KRAS mutations are frequently found in adenocarcinomas of the lung, colon, and pancreas [11, 12]. Varied papillary lesions, including intraductal papillary mucinous neoplasms of the pancreas and urothelial papillomas of the bladder, also have frequent KRAS mutations [13, 14]. KRAS mutations are rare events in kidney tumors, however, it has recently been found to be a characteristic feature of PRNRP as reported by multiple studies, including the current reported cases [15-17].
PIK3CA mutations are rare in clear cell RCC and are present only in 2-5% of tumors [18, 19]. PIK3CA codes for the catalytic subunit of phosphoinositide-3-kinase (PIK3), a key enzyme of the mTOR pathway; therefore, the mTOR inhibitor, everolimus, may be effective for this type of mutation.

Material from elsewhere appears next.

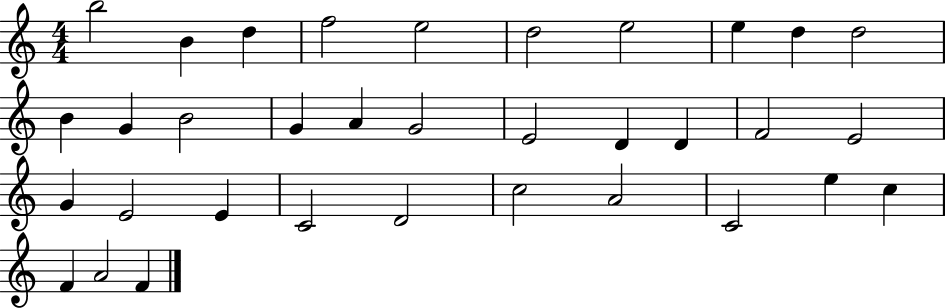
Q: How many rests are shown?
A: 0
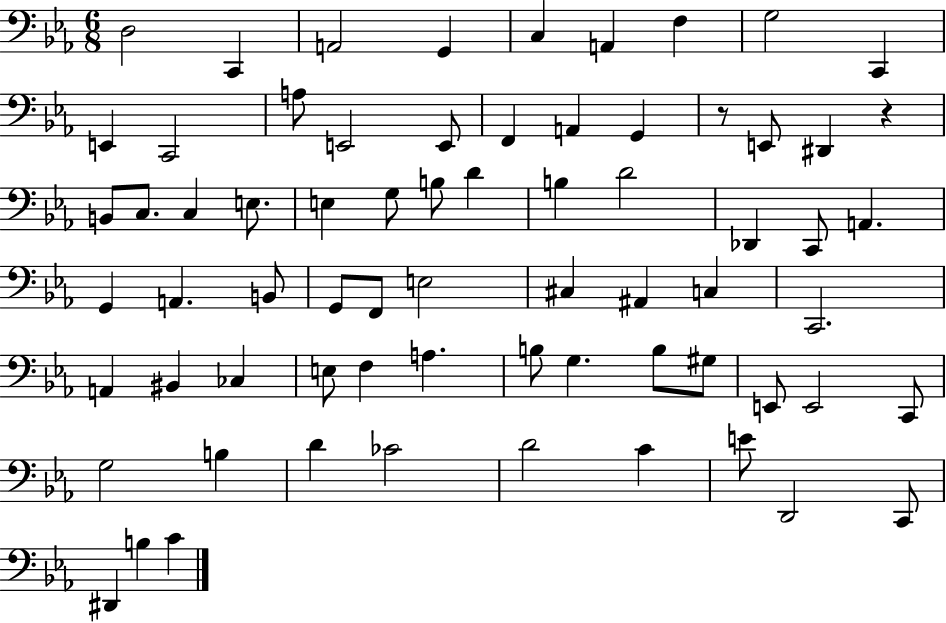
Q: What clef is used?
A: bass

The most common symptoms reported in RCC are hematuria in 90% of cases, flank pain in 19%, and mass effect in 14% [20]. Our patient presented with the first two symptoms. Regarding aggressiveness, clear cell RCC presents the greatest malignant potential and a 5-year survival rate of 70%, while papillary and chromophobe RCCs are associated with less metastatic potential and an overall 5-year survival of 88% and 94% [21].
Radical nephrectomy is considered the standard procedure for treating malignant renal tumors. However, recent studies show that patients with sporadic single or multiple ipsilateral renal tumors may undergo nephron-sparing surgery, with oncologically comparable results with low morbidity and recurrence rates.
Awareness of the coexistence of multiple synchronous tumors of different pathologic neoplasms in the same kidney is important for managing such cases, and nephron-sparing surgery or active surveillance may be warranted for some renal masses [22]. The fact that the pathological concordance rate is as low as 67.3% and the grade concordance rate is 62.5% [23] suggests that if a biopsy is indicated preoperatively, each nodule should be biopsied for diagnosis [8]. Different tumors will have different prognoses and degrees of aggressiveness.
There were seven cases of multiple kidney masses in Pusan National University Yangsan Hospital from March 2010 to January 2020, and Table 1 shows the characteristics of these ipsilateral multiple renal masses according to subtype. While five cases involved multiple clear cell RCCs, one presented papillary and clear cell RCCs, whereas the other had papillary RCC with metanephric adenoma. Two reports of large numbers of patients concluded that 5-6% of multiple ipsilateral renal tumors develop a contralateral metachronous recurrence and this risk is 5 times that of patients with a sporadic single tumor [23, 24]. We suggest that multiple ipsilateral synchronous RCCs of different histologic subtypes need to be followed closely and operations for each mass are necessary. The frequency of clinical multifocality is consistent with reported local recurrence rates following partial nephrectomy. The impact of tumor multifocality on patient survival is controversial; however, each nodule should be evaluated for an accurate prognosis.
In summary, we report the first unusual case of unilateral synchronous PRNRP with a KRAS mutation (c.35G>T/p.G12V in exon 2) and clear cell RCC with a PIK3CA mutation (c.1624G>A/p.E542K in exon 10).